EXERCISE DATA.

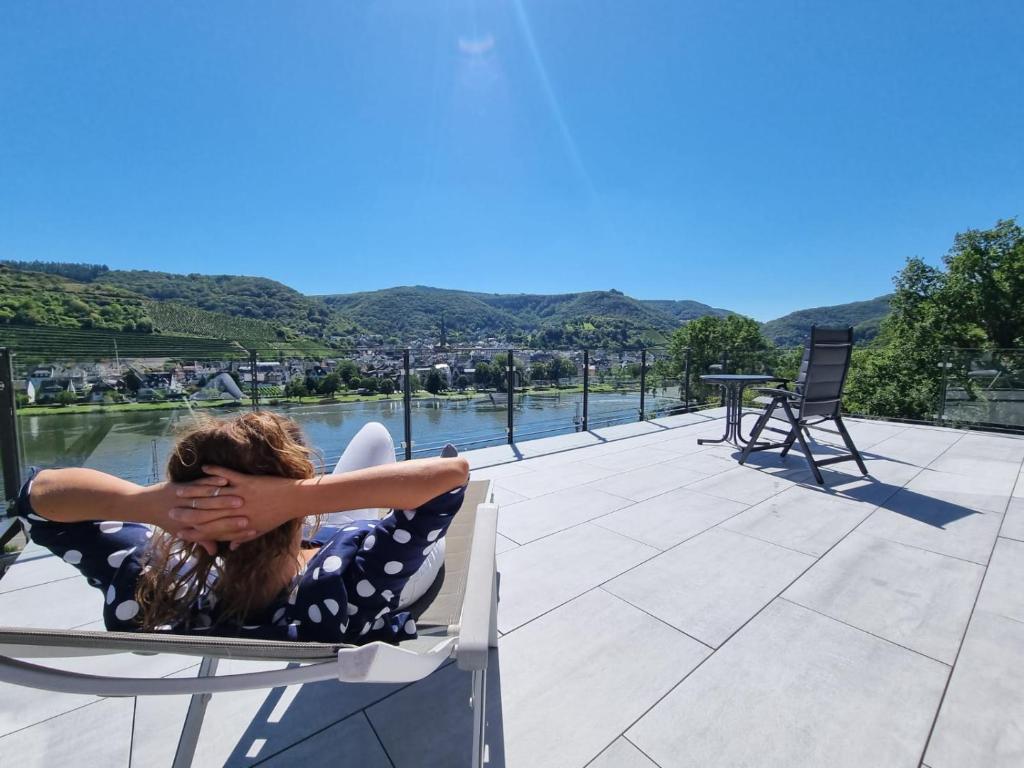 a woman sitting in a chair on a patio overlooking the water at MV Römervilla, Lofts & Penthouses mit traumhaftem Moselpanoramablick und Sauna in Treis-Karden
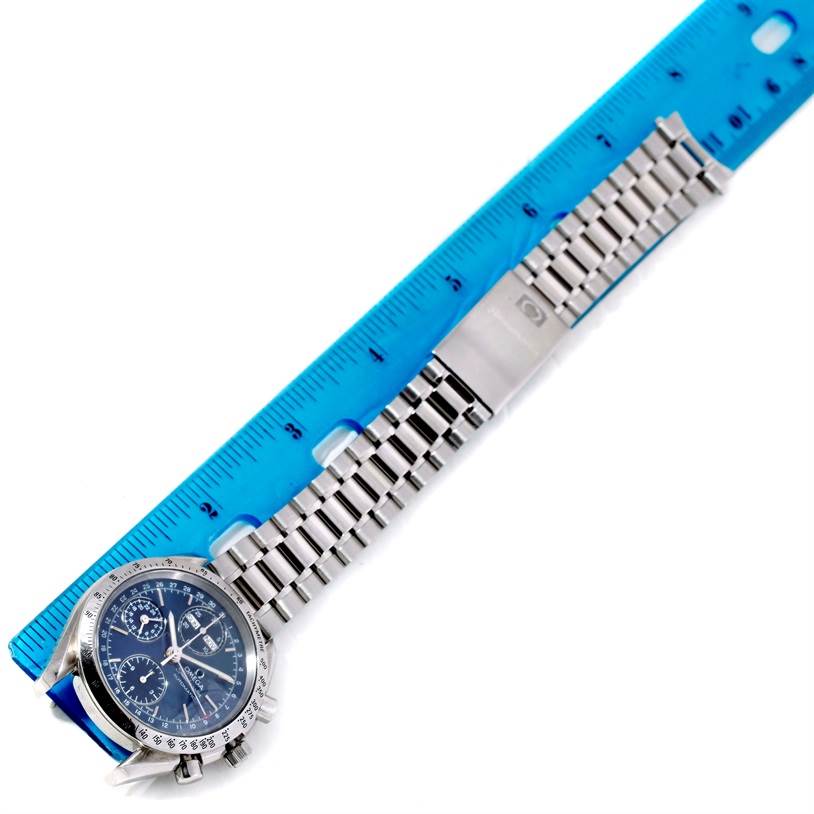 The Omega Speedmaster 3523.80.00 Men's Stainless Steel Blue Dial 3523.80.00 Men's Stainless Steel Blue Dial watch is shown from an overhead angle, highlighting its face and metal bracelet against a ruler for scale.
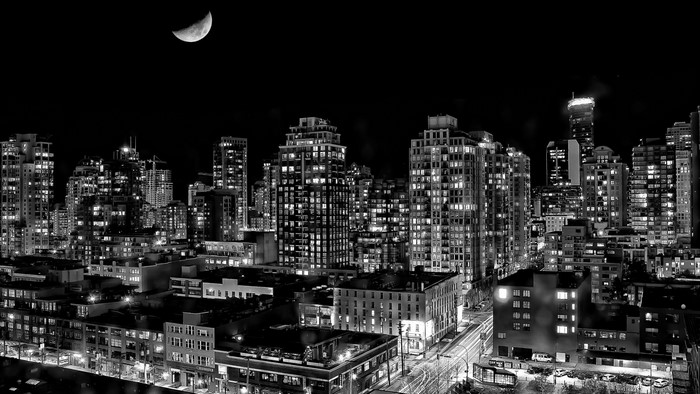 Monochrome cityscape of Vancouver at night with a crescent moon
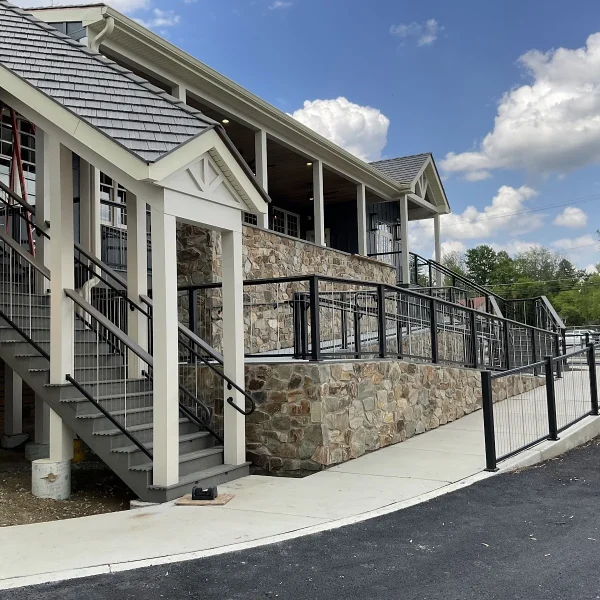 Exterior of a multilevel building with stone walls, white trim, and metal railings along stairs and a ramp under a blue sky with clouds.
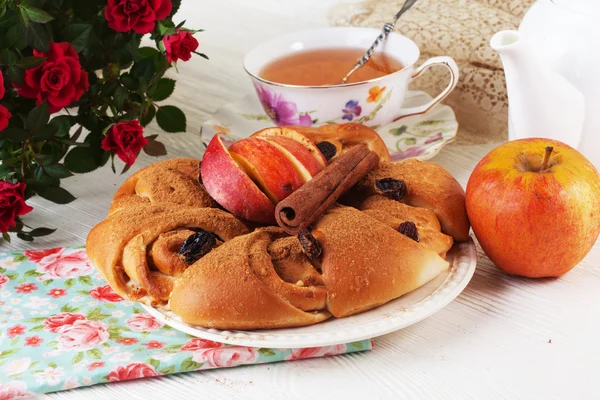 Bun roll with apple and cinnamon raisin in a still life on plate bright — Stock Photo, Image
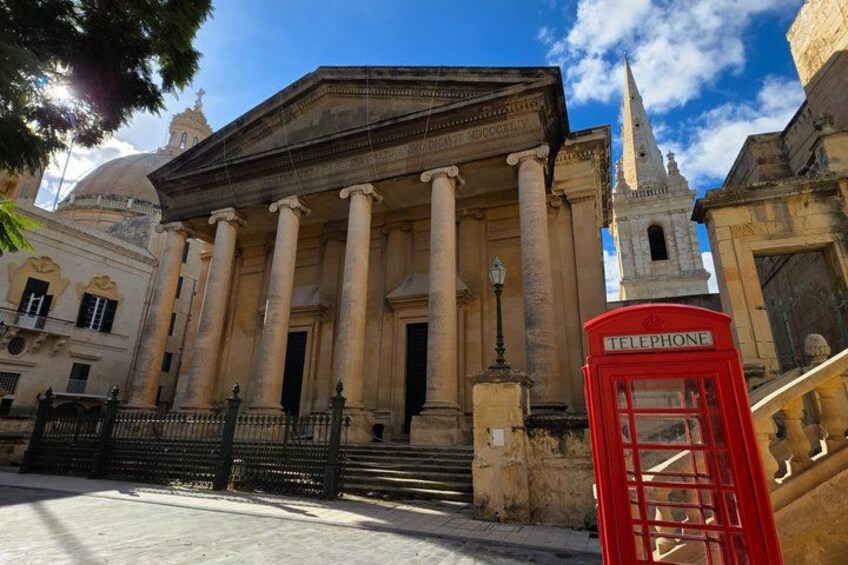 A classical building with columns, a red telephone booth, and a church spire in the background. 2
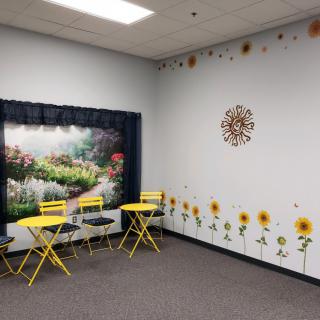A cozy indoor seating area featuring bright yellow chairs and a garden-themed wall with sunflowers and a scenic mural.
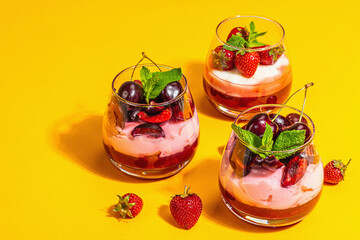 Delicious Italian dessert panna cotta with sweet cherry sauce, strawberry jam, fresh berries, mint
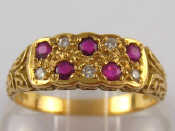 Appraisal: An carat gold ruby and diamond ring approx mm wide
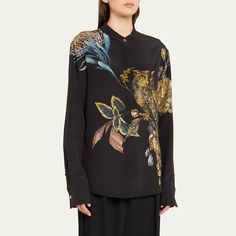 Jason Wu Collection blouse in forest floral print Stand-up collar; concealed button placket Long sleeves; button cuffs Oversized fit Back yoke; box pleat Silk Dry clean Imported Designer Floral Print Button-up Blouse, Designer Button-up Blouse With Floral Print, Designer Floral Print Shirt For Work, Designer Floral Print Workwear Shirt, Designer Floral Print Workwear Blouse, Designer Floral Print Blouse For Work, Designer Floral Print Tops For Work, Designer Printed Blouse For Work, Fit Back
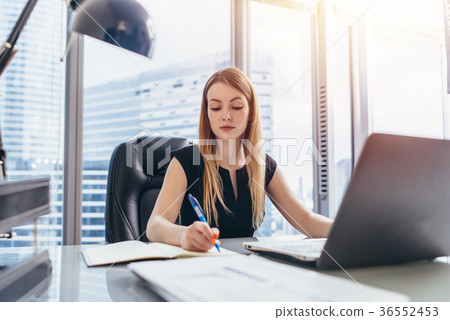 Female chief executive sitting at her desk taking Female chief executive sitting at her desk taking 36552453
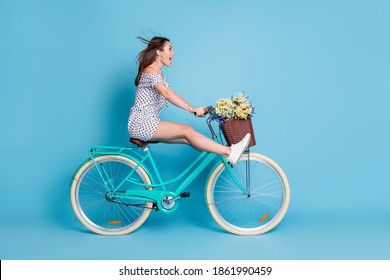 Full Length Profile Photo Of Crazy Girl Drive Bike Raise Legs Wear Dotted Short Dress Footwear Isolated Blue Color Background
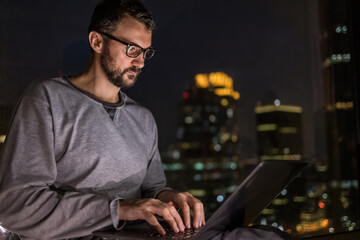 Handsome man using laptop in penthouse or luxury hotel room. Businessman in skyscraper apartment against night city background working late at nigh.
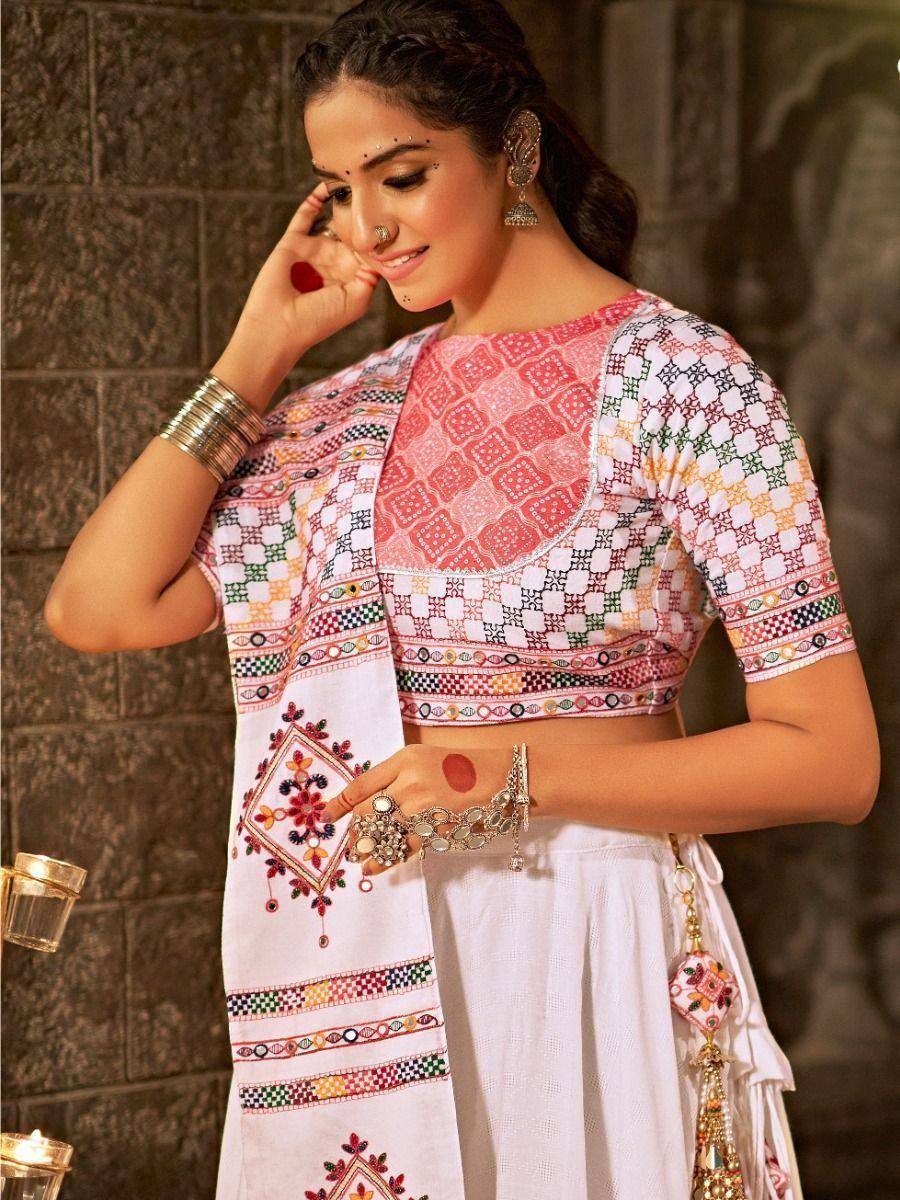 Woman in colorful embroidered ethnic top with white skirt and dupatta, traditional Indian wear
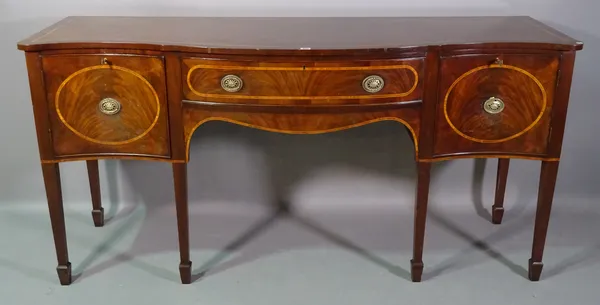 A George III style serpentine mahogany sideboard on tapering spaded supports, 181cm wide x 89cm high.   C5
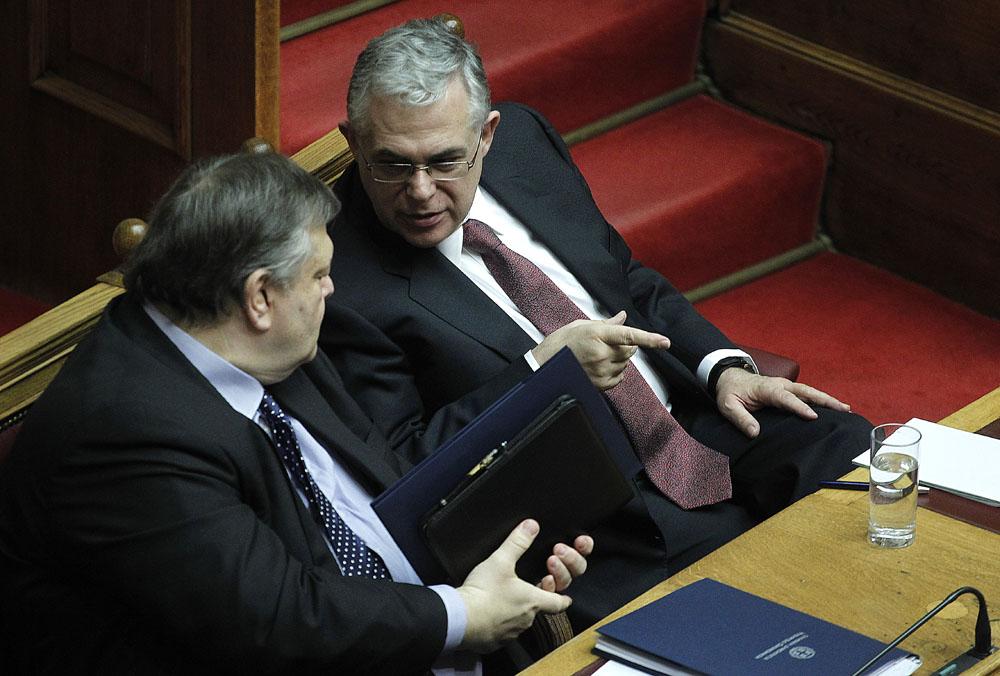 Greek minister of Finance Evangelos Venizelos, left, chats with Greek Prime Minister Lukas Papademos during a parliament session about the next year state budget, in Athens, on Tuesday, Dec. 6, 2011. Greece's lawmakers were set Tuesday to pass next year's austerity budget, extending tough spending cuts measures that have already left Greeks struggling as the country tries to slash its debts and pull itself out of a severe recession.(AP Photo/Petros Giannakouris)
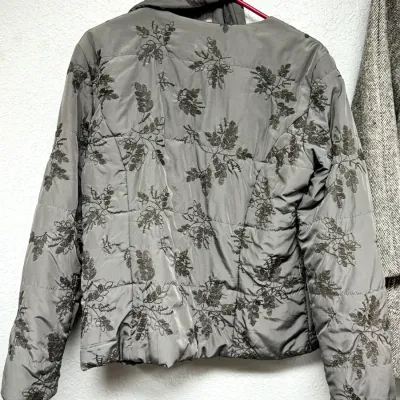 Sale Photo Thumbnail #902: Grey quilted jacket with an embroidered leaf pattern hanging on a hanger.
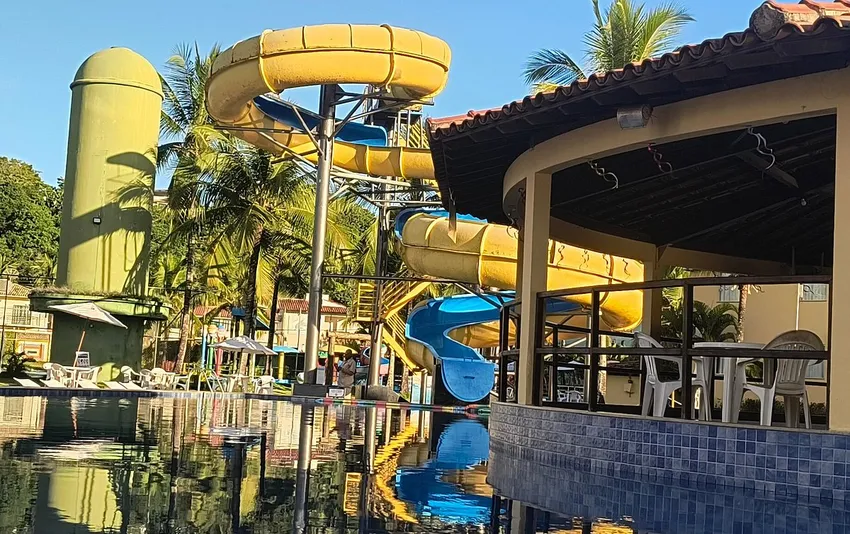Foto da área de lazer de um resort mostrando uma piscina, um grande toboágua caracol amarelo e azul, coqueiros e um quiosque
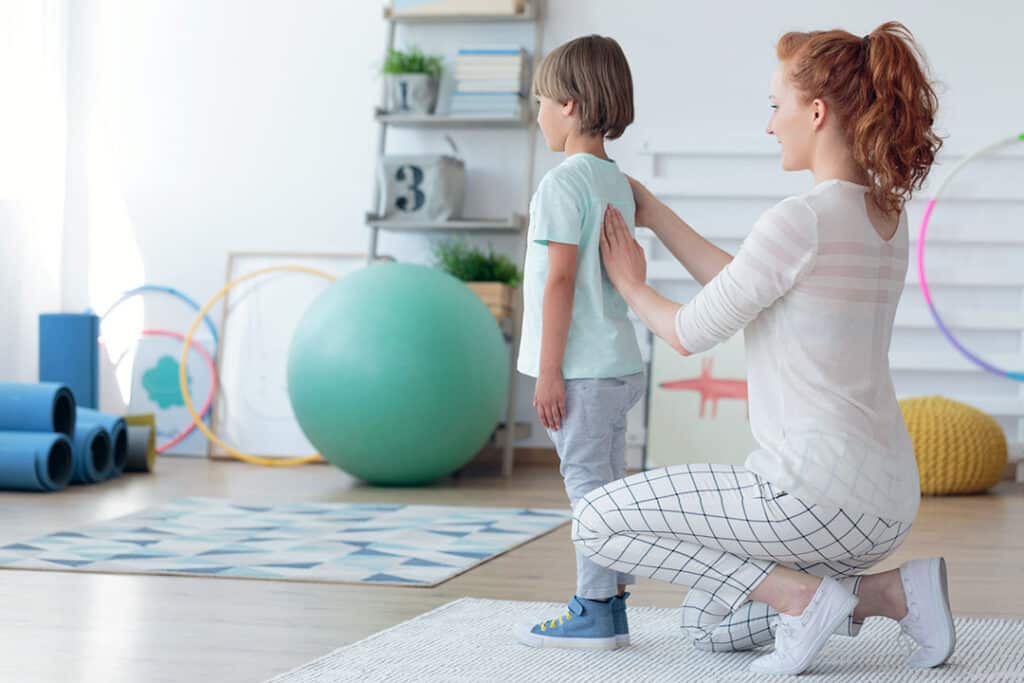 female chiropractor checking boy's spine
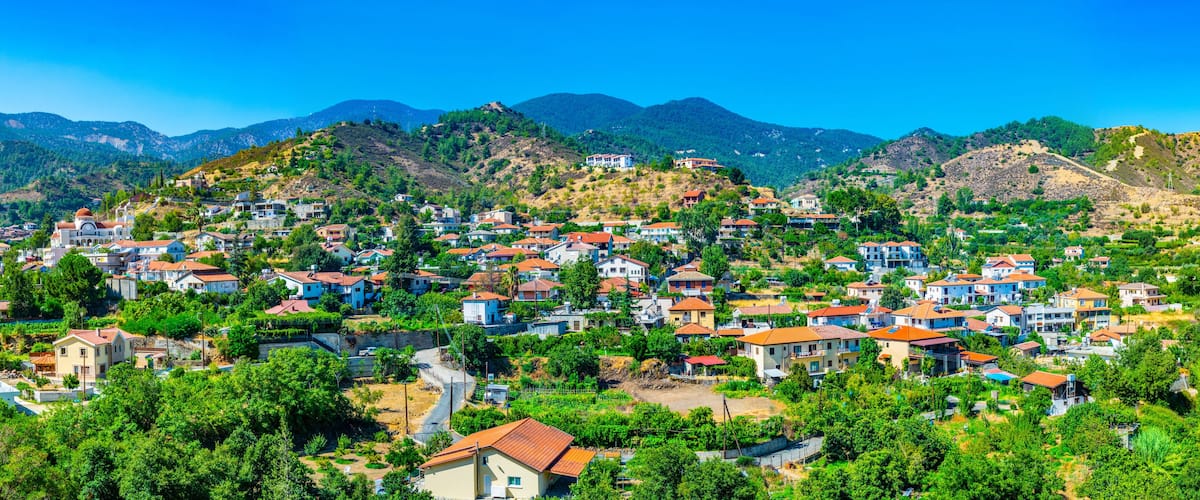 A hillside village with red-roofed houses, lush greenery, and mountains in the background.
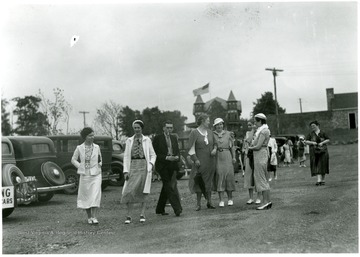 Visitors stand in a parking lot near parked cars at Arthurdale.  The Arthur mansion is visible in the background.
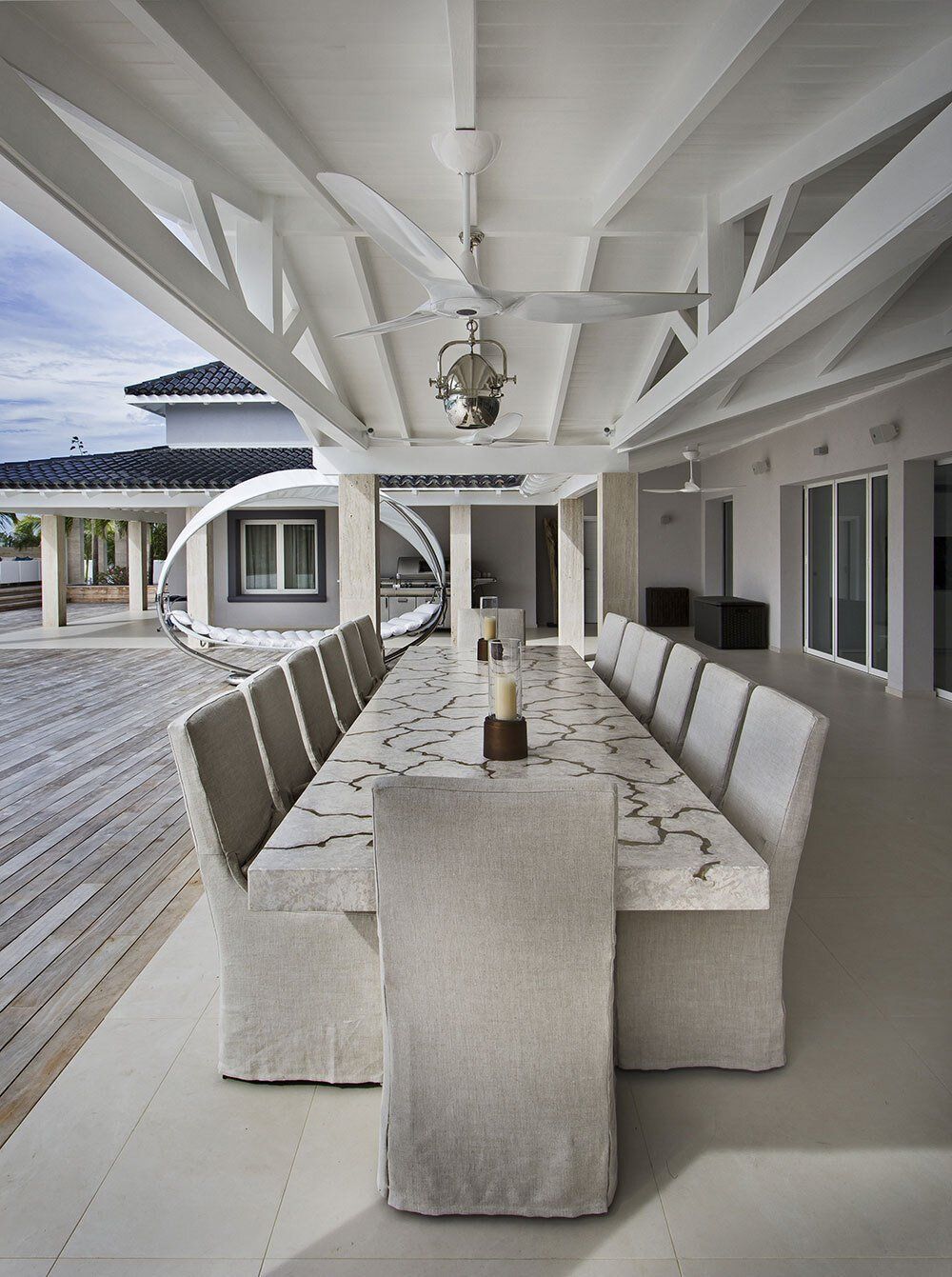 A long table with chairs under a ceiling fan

ACTION ITEM. Copy the data verbatim, skipping any image it holds.

EXERCISE OUTPUT.
 a woman sitting in a chair on a patio overlooking the water at MV Römervilla, Lofts & Penthouses mit traumhaftem Moselpanoramablick und Sauna in Treis-Karden
 The Omega Speedmaster 3523.80.00 Men's Stainless Steel Blue Dial 3523.80.00 Men's Stainless Steel Blue Dial watch is shown from an overhead angle, highlighting its face and metal bracelet against a ruler for scale.
 Monochrome cityscape of Vancouver at night with a crescent moon
 Exterior of a multilevel building with stone walls, white trim, and metal railings along stairs and a ramp under a blue sky with clouds.
 Bun roll with apple and cinnamon raisin in a still life on plate bright — Stock Photo, Image
 A classical building with columns, a red telephone booth, and a church spire in the background. 2
A cozy indoor seating area featuring bright yellow chairs and a garden-themed wall with sunflowers and a scenic mural.
 Delicious Italian dessert panna cotta with sweet cherry sauce, strawberry jam, fresh berries, mint
 Appraisal: An carat gold ruby and diamond ring approx mm wide
 Jason Wu Collection blouse in forest floral print Stand-up collar; concealed button placket Long sleeves; button cuffs Oversized fit Back yoke; box pleat Silk Dry clean Imported Designer Floral Print Button-up Blouse, Designer Button-up Blouse With Floral Print, Designer Floral Print Shirt For Work, Designer Floral Print Workwear Shirt, Designer Floral Print Workwear Blouse, Designer Floral Print Blouse For Work, Designer Floral Print Tops For Work, Designer Printed Blouse For Work, Fit Back
 Female chief executive sitting at her desk taking Female chief executive sitting at her desk taking 36552453
 Full Length Profile Photo Of Crazy Girl Drive Bike Raise Legs Wear Dotted Short Dress Footwear Isolated Blue Color Background
 Handsome man using laptop in penthouse or luxury hotel room. Businessman in skyscraper apartment against night city background working late at nigh.
 Woman in colorful embroidered ethnic top with white skirt and dupatta, traditional Indian wear
 A George III style serpentine mahogany sideboard on tapering spaded supports, 181cm wide x 89cm high.   C5
 Greek minister of Finance Evangelos Venizelos, left, chats with Greek Prime Minister Lukas Papademos during a parliament session about the next year state budget, in Athens, on Tuesday, Dec. 6, 2011. Greece's lawmakers were set Tuesday to pass next year's austerity budget, extending tough spending cuts measures that have already left Greeks struggling as the country tries to slash its debts and pull itself out of a severe recession.(AP Photo/Petros Giannakouris)
 Sale Photo Thumbnail #902: Grey quilted jacket with an embroidered leaf pattern hanging on a hanger.
Foto da área de lazer de um resort mostrando uma piscina, um grande toboágua caracol amarelo e azul, coqueiros e um quiosque
 female chiropractor checking boy's spine
 A hillside village with red-roofed houses, lush greenery, and mountains in the background.
 Visitors stand in a parking lot near parked cars at Arthurdale.  The Arthur mansion is visible in the background.
 A long table with chairs under a ceiling fan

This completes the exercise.